The same is true for a "switch" statement.

If the "case" values used in a "switch" are sparse, the "switch" will not be compiled into an indexed jump instruction, but into a sequence of conditional jump instructions, which test all the possible cases.

In this situation, the alternative to "switch" for implementing dispatching is no longer a computed "goto", but a multiple "if"/"else" sequence.

A smarter compiler could detect when a "switch" forms the body of a loop and it would replicate the indexed jump instruction at the end of each case, instead of jumping to the beginning of the loop to execute there an indexed jump, or even worse, first jumping to the end of the loop to terminate the "switch", then jumping to the beginning of the loop to repeat the loop body.

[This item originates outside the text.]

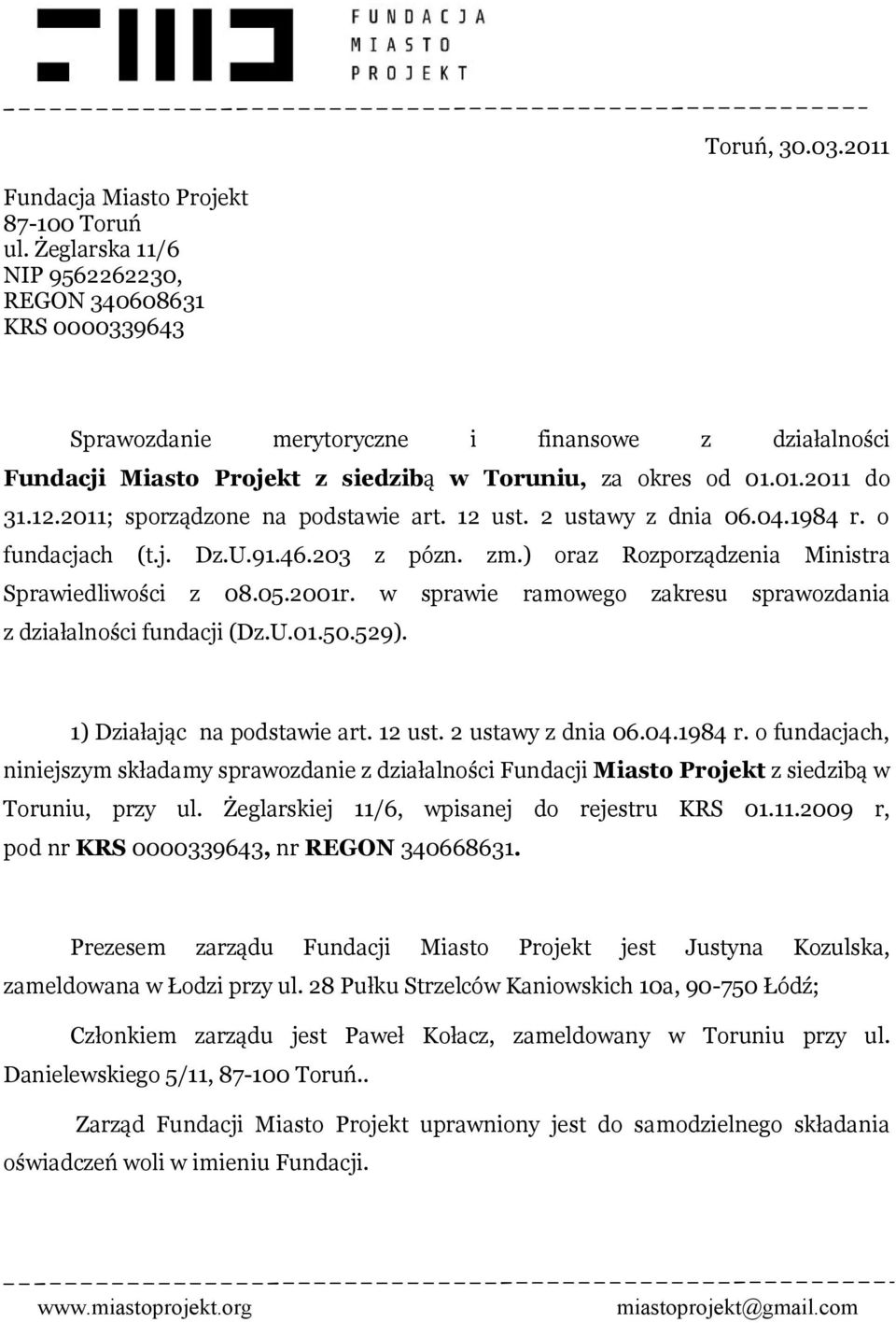 2011; sporządzone na podstawie art. 12 ust. 2 ustawy z dnia 06.04.1984 r. o fundacjach (t.j. Dz.U.91.46.203 z pózn. zm.) oraz Rozporządzenia Ministra Sprawiedliwości z 08.05.2001r.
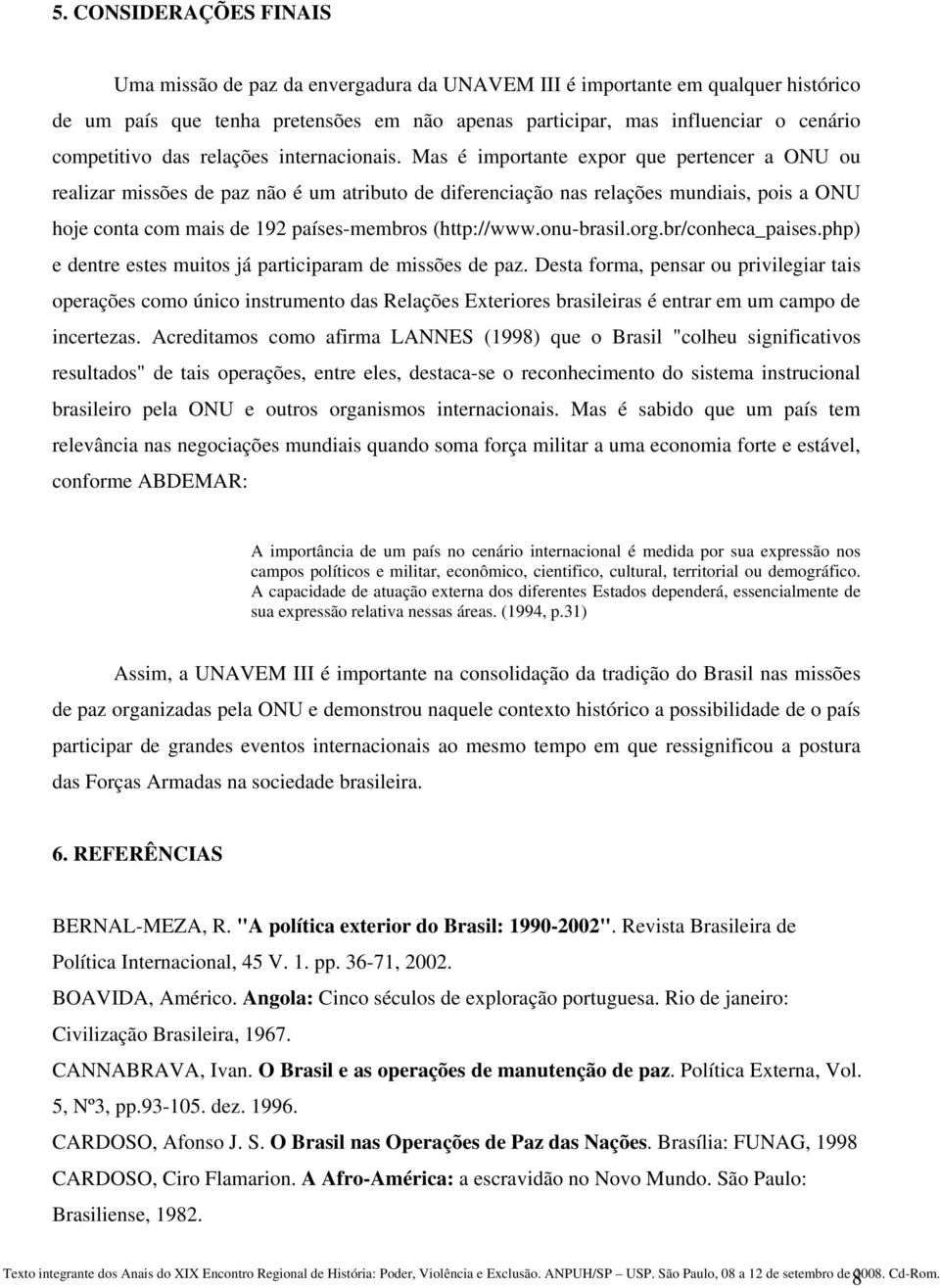 Mas é importante expor que pertencer a ONU ou realizar missões de paz não é um atributo de diferenciação nas relações mundiais, pois a ONU hoje conta com mais de 192 países-membros (http://www.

With such a compiler, computed "goto" would not be necessary as an alternative to "switch".

The range check inside the dispatch loop would not be necessary if the opcodes had an enumeration type (in a programming language where enumeration types are clearly distinct from integers) and the "switch" handled all the possible cases. In that situation, the range checks would be moved elsewhere in the program, wherever opcodes are generated.

The GCC documentation example for computed goto uses an indexing table, but you can of course use computed goto addresses directly. The problem is smuggling the label addresses outside the function so you don't need the enum/index indirection during dispatch.

I once experimented with some techniques and found you can use constructors, either on function-scoped static variables in C++ or using the constructor function attribute on a nested function in GCC C. The addresses are visible to the constructor function and you can smuggle them by copying through a file- or global- scoped array, then at runtime initialize your data structures and bytecode arrays with the computed goto addresses. That preserves the CPUs branch prediction and prefetching resources for other work.

You can also lazily initialize things, which works well if you're not precompiling bytecode but implementing something like a coroutine or state machine where you just need to initialize the first dispatch address.

Even on modern chips avoiding computed goto indexing can be meaningful (5+%) depending on use case, but the marginal gains from the smuggling shenanigans specifically probably aren't worth the code complexity and portability headaches (clang doesn't support nested functions in C), though I never tried that specific trick with a full-blown bytecode VM.

These days with guaranteed tailcall extensions you can just dispatch on function addresses (knowable before dispatch), though you can't directly control inlining optimizations so if you're mostly doing simple work per operation computed gotos might still have better performance. And for small or straight-forward state machines code can be easier to grok when not split across many functions, especially if they're tailcalling each other through pointers.